A omissão em mencionar a pouca importância de um meio de comunicação na formação do pensamento popular em um texto que a todo momento fala em a Rede Globo querer atender aos anseios populares acaba nem mesmo podendo ser visto como uma fragilidade do texto. Afinal, para o bom entendedor meia palavra basta.
Eu mesmo assim tomo tal omissão como fraqueza porque penso que é importante alertar (...) para a crença pobre de que os meios de comunicação é que formam a cultura das pessoas. Tive oportunidade de criticar muito essa crença em comentários que enviei junto ao post “O que os leitores querem: um jornalismo isento ou um espelho daquilo que pensam?” de segunda-feira, 27/06/2016 às 23:03, aqui no blog de Luis Nassif e que pode ser visto no seguinte endereço:
O post “O que os leitores querem: um jornalismo isento ou um espelho daquilo que pensam?”, consistindo de uma breve introdução do texto de Alexandre Marini intitulado “Isenção ou identificação?” e publicado originalmente no Observatório da Imprensa, sofreu algumas críticas exatamente porque deixava transparecer que o leitor ou ouvinte ficava preso a determinado canal de comunicação porque o canal dava a notícia do modo que ele queria ler ou ouvir ou mesmo ver sendo noticiada.

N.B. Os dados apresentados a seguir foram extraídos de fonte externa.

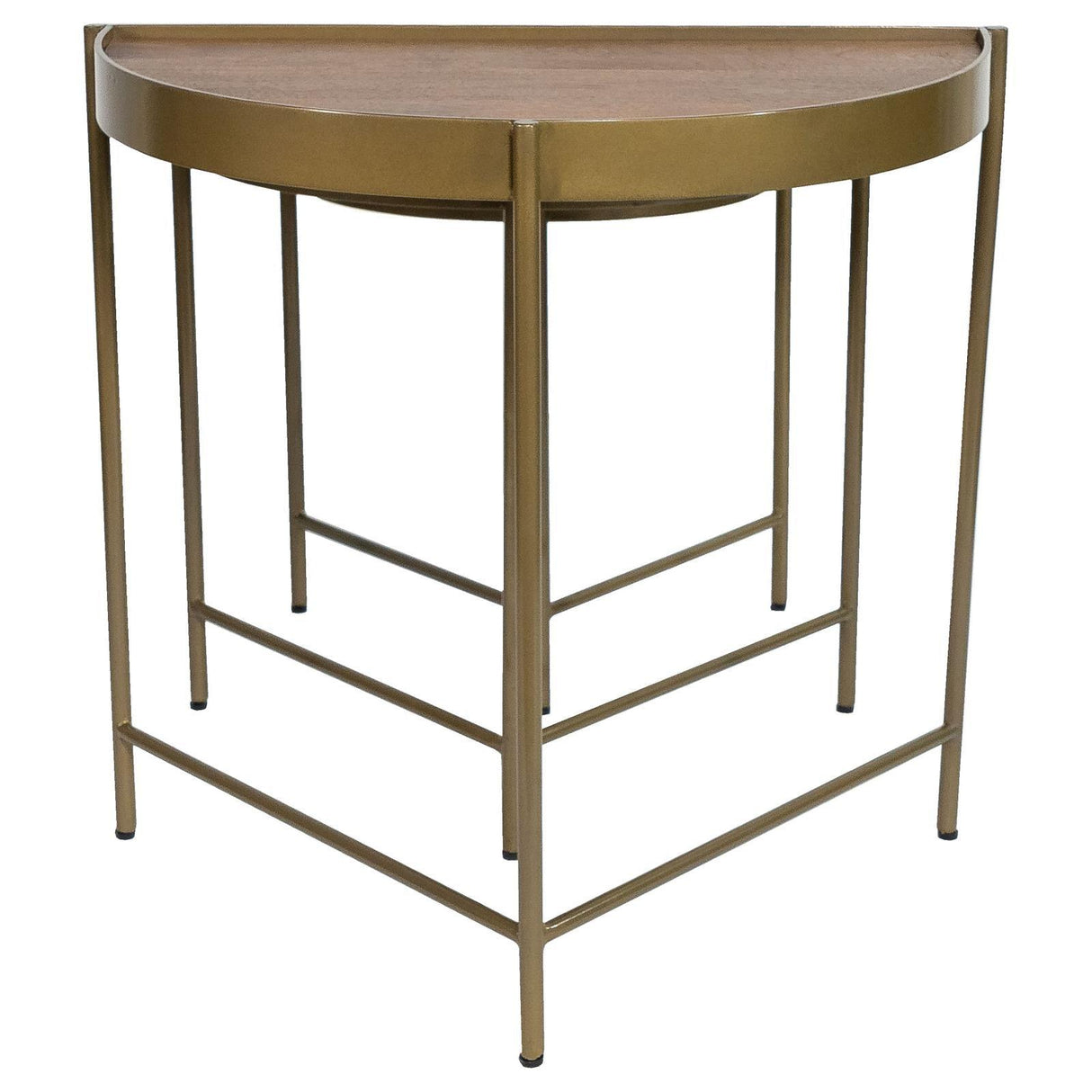 Tristen Brown and Gold 3-Piece Demilune Nesting Table With Recessed Top by Coaster at Eve Furniture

A segunda fraqueza a meu juízo ao seu texto diz respeito a seguinte frase sua:
“São típicos populistas que desconheceram medidas estruturantes para o desenvolvimento do Estado do Rio.”
Não acho válido utilizar a expressão “típicos populistas”. A informação relevante seria “... que desconheceram medidas estruturantes para o desenvolvimento...”. Sendo assim, a frase ficaria muito mais adequada se fosse escrita do seguinte modo:
“São tipos que desconheceram medidas estruturantes para o desenvolvimento do Estado do Rio.”
Considero que o termo populista é maltratado pela academia. (...) vira e mexe aparece um texto para falar mal do populismo. Lá fora os textos são escritos pelo que podia ser visto como pessoas da esquerda. E a intenção é falar mal de Donald Trump. Para enquadrar-se em um conceito eles chamam de populista aquele que privilegia medidas de curto prazo de interesse da população sem levar em conta os efeitos de longo prazo.
O problema desse conceito é que nós vivemos em um mundo de ignorância tanto no curto como no longo prazo. E a ignorância de que eu falo não é a do cidadão. A ignorância é do acadêmico. No mundo das ciências humanas há pouco conhecimento para dizer que tal medida é boa no curto prazo, mas ruim no longo prazo.
Veja por exemplo o artigo “Populism and time inconsistency” de autoria de Mario Blejer e Piroska Nagy-Mohacsi, publicado em 22/1/2017 no Site Vox – CEPR’s Policy Portal e que pode ser visto no seguinte endereço:
Em nenhum momento os autores se referem à redução da inflação como um exemplo de medida adotada por políticos populistas. E na verdade trata-se de uma medida de anseio popular, e que é avaliada como benéfica para a população no curto prazo, mas que pode ser danosa para a economia no longo prazo. Será que os autores ousariam chamar os políticos que prometem abaixar a inflação de populistas?
Então considero equivocado fazer essa referência a Garotinho como um típico populista sem ficar bem esclarecido qual o significado dado na frase a tal palavra."